There is another ground, however, upon which the relief sought by defendant's petition must be denied. It is well-settled doctrine that if a defendant who claims that the court in which the suit is pending has not acquired jurisdiction over him, attacks the jurisdiction, even under a special appearance, he will be held to have submitted himself to the jurisdiction, if under such appearance he seeks some relief upon the merits. The doctrine is recognized by the text-books and illustrated by many cases, the leading case being that of Livingston's Ex'r v. Story,

11 Pet. (U. S.) 351, 9 L. Ed. 746. It was adopted and applied by our Court of Errors to a case where the defendant answered in full on the merits, although he had attempted to reserve an objection to the jurisdiction, which he presented by a plea to the jurisdiction, which had been overruled.
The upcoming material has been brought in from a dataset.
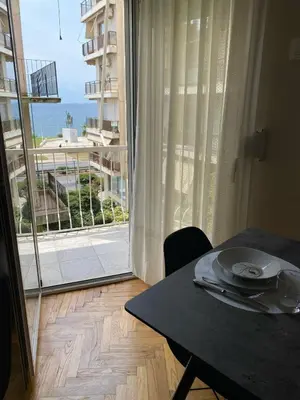 a dining room table with a view of a balcony at Athens Riviera Seaview in Athens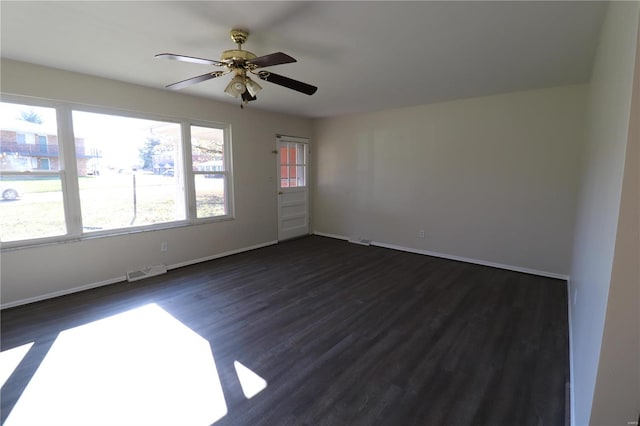 empty room with ceiling fan and dark hardwood / wood-style flooring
Polhemus v. Holland Trust Co., 61 N. J. Eq. 654, 47 Atl. 417. The reason of this doctrine is equally applicable to proceedings to challenge the validity of a judgment on the ground that jurisdiction of the defendant had not been acquired. If, under such proceedings, he ask other relief against the judgment on the merits, he will be held to have submitted himself to the jurisdiction. In Crane v. Penny (D. C.) 2 Fed. 187, Judge Choate, in dealing with an application of a defendant to vacate a judgment taken by default, which included other relief and a stay pending the application, held that the defendant had thereby submitted himself to the jurisdiction, so that all defects therein were cured. In Burdette v. Corgan, 26 Kan. 102. Judge Brewer held that when a party against whom a judgment has been entered, files a motion to vacate it as void, and the motion is based on nonjurisdictional as well as jurisdictional grounds, he thereby enters a general appearance. The doctrine is illustrated by many other cases. Grantier v. Rosecrance, 27 Wis. 488; Anderson v. Coburn, 27 Wis. 558; Alderson v. White (per Dixon, C. J.) 32 Wis. 308; Blackburn v. Sweet, 38 Wis. 578; Dikeman v. Struck, 76 Wis. 332, 45 N. W. 118; Henry v. Henry (S. D.) 87 N. W. 522; Curtis v. Jackson, 23 Minn. 268; Yorke v. Yorke (N. D.) 55 N. W. 1095; Pry v. Han. & St. Jos., 73 Mo. 123.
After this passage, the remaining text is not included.